_YOUR GOAL_
Omit the images, then repeat the listing exactly.

_SOURCE MATERIAL_
⟨

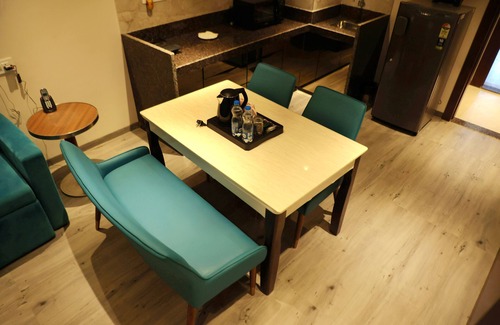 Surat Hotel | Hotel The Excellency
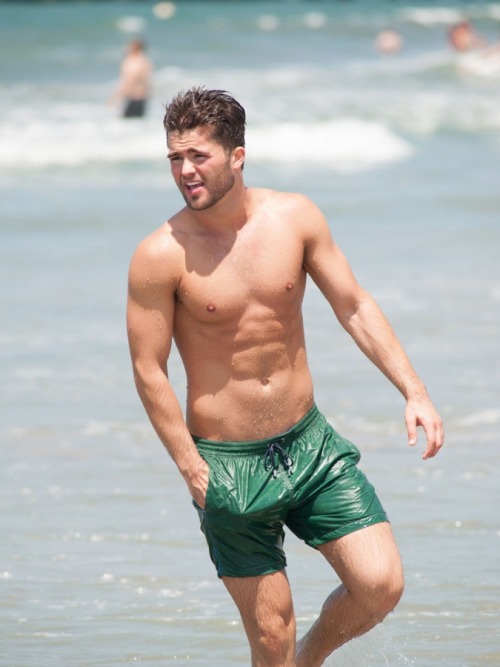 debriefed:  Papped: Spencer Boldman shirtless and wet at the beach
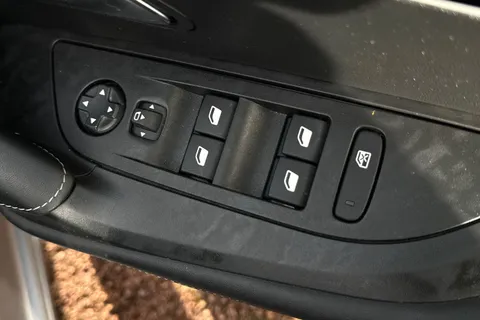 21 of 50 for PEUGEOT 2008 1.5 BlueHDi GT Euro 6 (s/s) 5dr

⟩

_EXERCISE SOLUTION_
 Surat Hotel | Hotel The Excellency
 debriefed:  Papped: Spencer Boldman shirtless and wet at the beach
 21 of 50 for PEUGEOT 2008 1.5 BlueHDi GT Euro 6 (s/s) 5dr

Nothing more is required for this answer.